Orwell and his prophecies have been forgotten. We are living in the future. We are seeing the destruction of national sovereignty as the world lurches towards globalist tyranny. We are living in a world in which government continues to get bigger and further away from the people. We are seeing the decay of democracy as political and economic structures become too big to control. We witness the erosion of individual liberty and privacy in an age in which even our own phones are spying on us on behalf of powerful sectional interests. We are experiencing the systematic dumbing-down of language so that we no longer possess the ability to read the works of Shakespeare, or, for that matter, to read anything written in the past. Our vocabulary is so impoverished that we do not possess the words to explain ourselves to others or to explain others to ourselves. We have been rendered wordless and are therefore speechless. We lack the tools that make articulate thought possible. We can speak only Newspeak which speaks only of what is new.

History is no longer taught and therefore no longer known. How else could huge numbers of millennials boast of their sympathy for communism? How else could they believe that socialism or communism have the answers unless they are ignorant of the millions of people killed by communist and socialist regimes in the past century?

Perhaps we have arrived at the nightmare scenario that Orwell prophesied. Perhaps people have become so dehumanized and demoralized, so brainwashed and psychologically reprogrammed, that they are ready to accept and embrace the tyranny that has enslaved them. How else are we to make sense of those who marched on the streets of London recently demanding their right to remain shackled to the secularist corruption of the undemocratic European Union? How else can we make sense of those millions of millennials who believe that socialist Big Government can deliver freedom and justice? We are indeed living in an age when people no longer fear Big Brother but admire and venerate him. As David Bowie suggests, Big Brother is no longer resisted but wanted.
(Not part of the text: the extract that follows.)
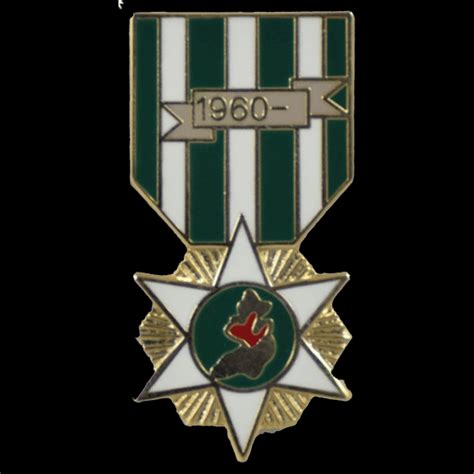Hat Pin Vietnam Campaign Medal Hal 3 Seawolf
So be it. Let’s be content in the knowledge that we are merely getting what we deserve. It is all part of the Divine comedy, the Divine symmetry, in which bad ideas are seen to have bad consequences, and in which pride precedes a fall. This is as it should be. Those of us who are not invested in the world and its vicious vacuity can smile as we suffer the slings and arrows of outrageous fashion. We can laugh in the face of Pride and its foolish disciples. We know that we do not have to destroy the proud because they are always in the process of destroying themselves. We only have to worry about the end of the world, which comes at the end of each of our respective lives. It is then that the fullness of life begins and that true justice and peace is attained.